_Task inputs_

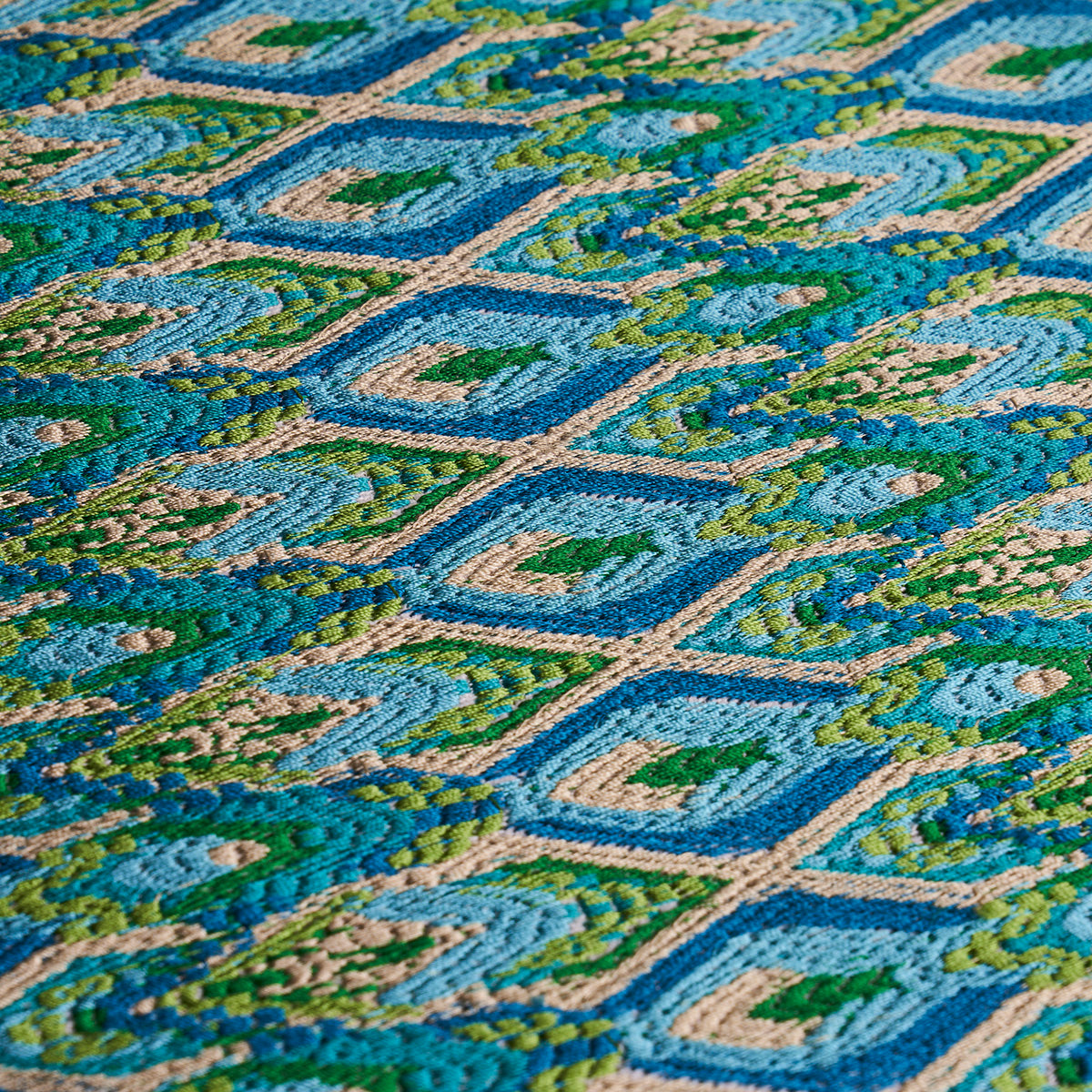 LORIKEET-EMBROIDERY-PEACOCK-SCHUMACHER-81470 - Schumacher Fabric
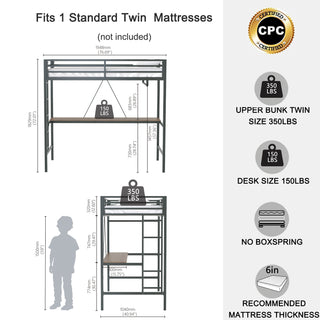 Adam Sturdy Twin Loft Bed - Black Frame with Cinnamon Wood Desk & Closet Rod, Space-Saving Loft Bed for Adults & Kids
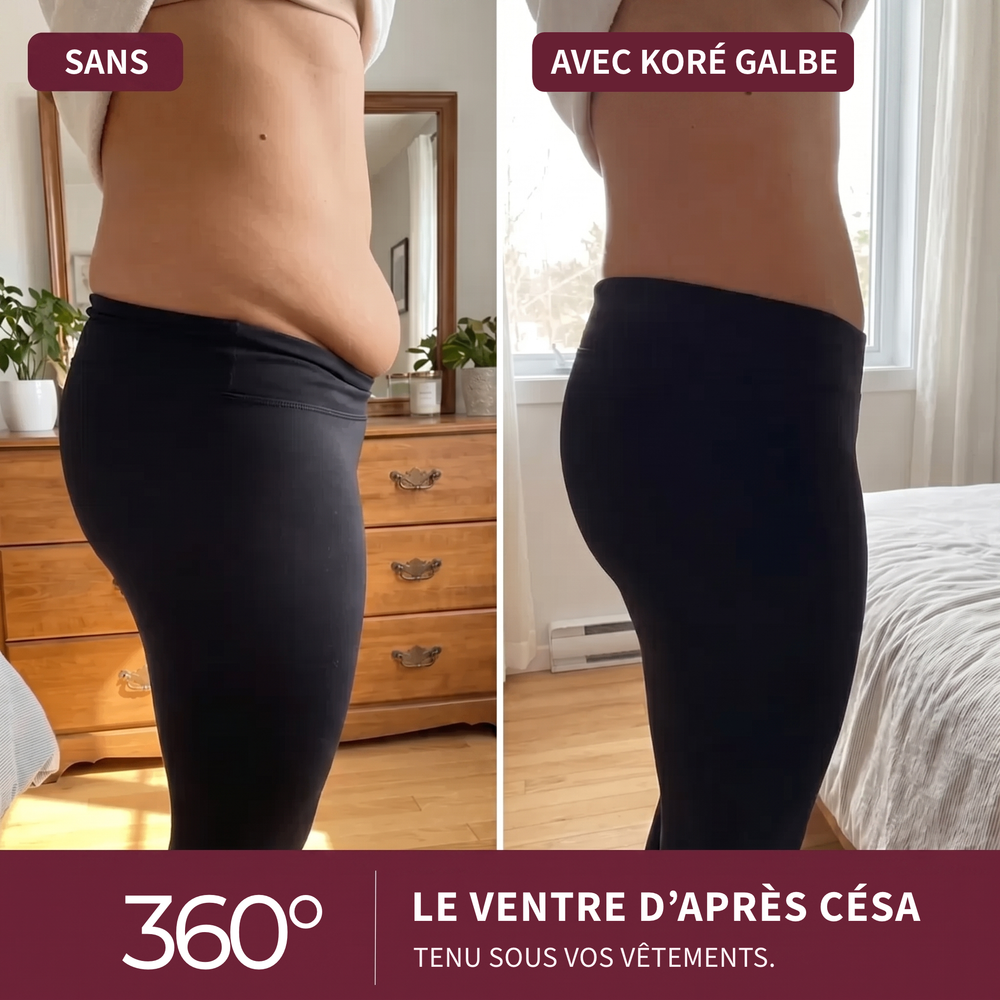 Sans et avec Koré Galbe : le ventre d’après césarienne tenu sous les vêtements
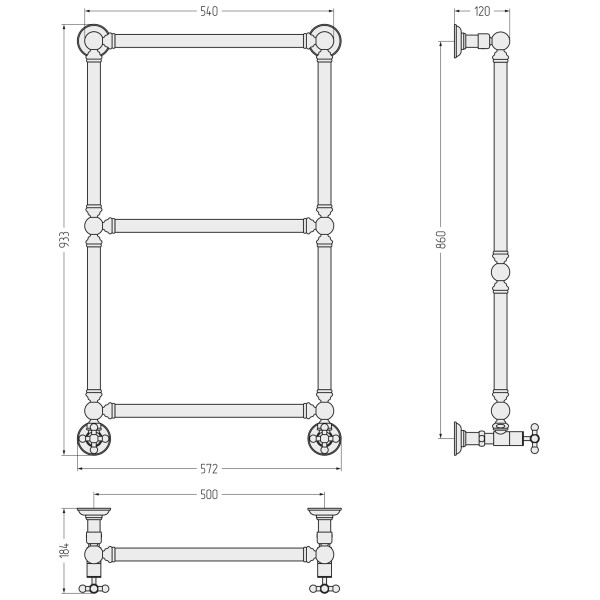 Полотенцесушитель водяной Сунержа Ренессанс 860x500 матовый белый (30-0280-8650)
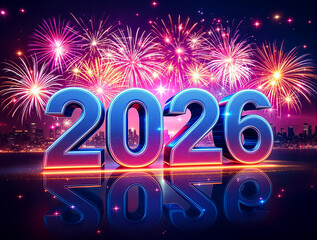2026 New Year Celebration with Fireworks and Cityscape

_What this task involves_
The records above, minus their pictures, are to be returned word for word.

_Solution to this exercise_
 LORIKEET-EMBROIDERY-PEACOCK-SCHUMACHER-81470 - Schumacher Fabric
 Adam Sturdy Twin Loft Bed - Black Frame with Cinnamon Wood Desk & Closet Rod, Space-Saving Loft Bed for Adults & Kids
 Sans et avec Koré Galbe : le ventre d’après césarienne tenu sous les vêtements
 Полотенцесушитель водяной Сунержа Ренессанс 860x500 матовый белый (30-0280-8650)
2026 New Year Celebration with Fireworks and Cityscape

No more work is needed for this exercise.